Aired July 23, 2019 - 12:30   ET


[12:30:03] JOHN KING, CNN HOST: Now can he sell it in a way that doesn't make people forget, no one is going to forget the 1990s and the crime bill that are so important in Democratic politics right now but to give it, OK, he gets it now, he's with us.

TOLUSE OLORUNNIPA, CNN POLITICAL ANALYST: That's the big question. He's going to be challenged on this almost immediately during these debates. You already see Senator Cory Booker coming out with tweets saying, you know, don't show us what you want to do, talk about what you've done the past 40 years. And so his record over 40 years, his record on the crime bill is going to be challenged and he's going to face a lot of scrutiny from other Democrats within his party and also from Republicans who are using this to sort of try to pull off some of the African-American votes saying, you know, President Trump passed the First Step Act. You compare that to maybe Senator Kamala Harris, who as a prosecutor, compare that to Joe Biden who passed -- who helped pass the 1994 crime bill.

So he's going to be facing challenges from both his left and his right, and it'll be very difficult for him to defend himself. But we'll see next week whether or not he's able to.

KING: And he'll be center stage, Wednesday is Biden's night with Booker on one side and Harris on the other. He (INAUDIBLE) on some of these issues with Harris last time more of the race and segregation and busing issues.
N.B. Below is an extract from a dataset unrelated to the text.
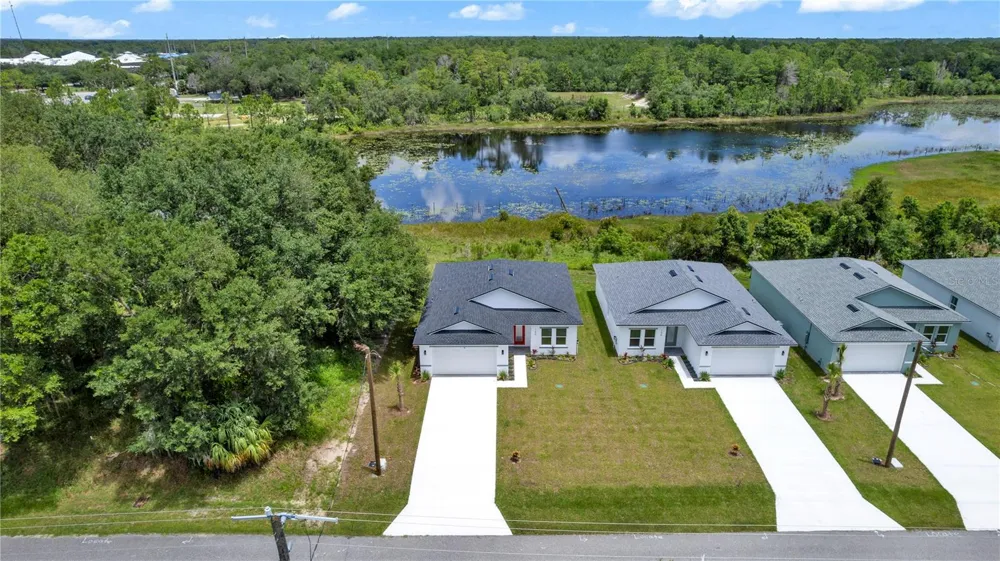 132 11TH AVENUE Osteen, FL 32764
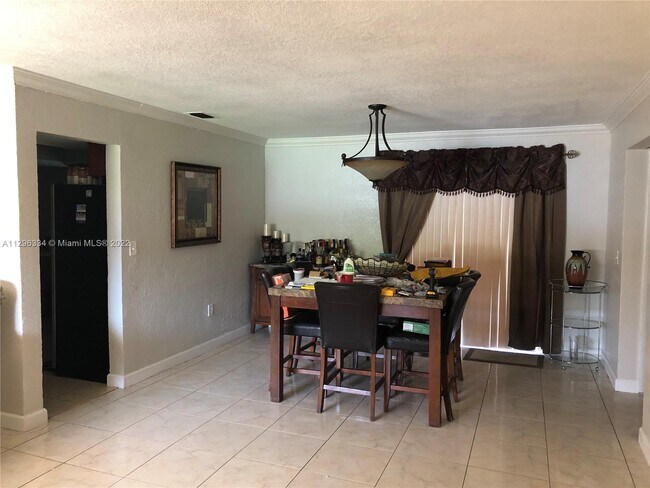 Foto del edificio - 7321 Fairway Blvd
Now, we'll see if crime comes up. But to your point about Senator Booker who has not been on television interviews, sometimes in Biden's face. We'll see if it plays out on the debate stage.

It's a different dynamic. Some candidates show up, and some don't. But here is the tweet and his campaign says, he's referencing Biden here. "It's not enough to tell us what you're going to do for our communities, show us what you've done for the last 40 years. You created this system. We'll dismantle it."

So no forgiveness there. Biden's point is, and I was here at the time, Biden's point it, that was what mayors were demanding. That is what a lot of community groups were demanding. The country had a crack epidemic. And Biden's point is Washington did what we are asked at the time. Twenty-five years later, yes, you can look back at it and say, we overshot on a number of areas. MELANIE ZANONA, CONGRESSIONAL REPORTER, POLITICO: Right. And one thing Biden does need to do more effectively is not just explaining his past but showing what he's going to do in the future. That's something he hasn't done well, whether it's talking about the Anita Hill hearings or his positions on the Hyde Amendment. He's sort of gone back and forth.

But the matchup I am looking for is with Booker and Biden. I know there's a lot of talk about Kamala Harris and Biden but I think Booker is going to come with guns blazing. He didn't get a chance to take him on in the last debates but he will this time. And I think Kamala Harris has given a green light to the other candidates to go after Biden on issues like this one.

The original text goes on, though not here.